Barbara Boyer, the widow of former neuroscientist Jeffrey H. Ware who died of brain cancer in 2011, has filed a lawsuit Tuesday against the University of Pennsylvania Medical School and two other researchers in Philadelphia Common Pleas Court.

The lawsuit accuses the defendants for failing to maintain radiation-emitting equipment, to measure radiation exposure levels, and to provide protective gear during the experiment.

The university denies the allegations and describes them as 'completely without merit.'

Ware worked in the lab of Penn scientist Ann R. Kennedy to study the effects of radiation on lab animals in order to develop better ways to protect astronauts from radiation in outer space.

Kennedy is also named in the lawsuit, along with the University's medical school and the hospital.

"When we look at the documents we have so far, we see the great care taken to protect the well-being of the research animals," said Aaron Freiwald, an attorney representing the Ware family. "The tragic irony here is how poorly these researchers were protected," News works reports.

"Penn has withheld documents, withheld data on what radiation levels really were," Boyer's attorney, Freiwald, told CBS local.

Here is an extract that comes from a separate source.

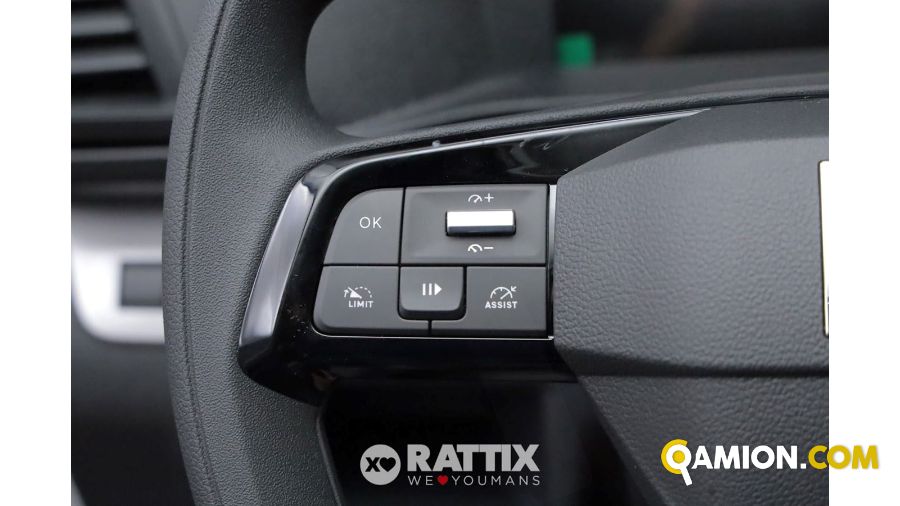 Fiat SCUDO 1.5 BlueHDI 120CV L2H1 (IVA ESCLUSA) | Altro Altro | Rattix Srl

The lawsuit claims that after Ware developed gliosarcoma, a form of brain cancer, he was enrolled in a trial to treat that illness with radiation. His widow claims that he could not make a uniformed decision because of his illness and two surgeries.

"Jeff just matter-of-factly said during dinner one night that he had been enrolled in a research study. He had a little bit of information, but not much," she said. "I reached out to the radiation oncologist and asked why they would enroll him in a research study without asking me."

Two other people who worked in the lab with Ware were diagnosed with lung cancer and multiple myeloma in the same time period.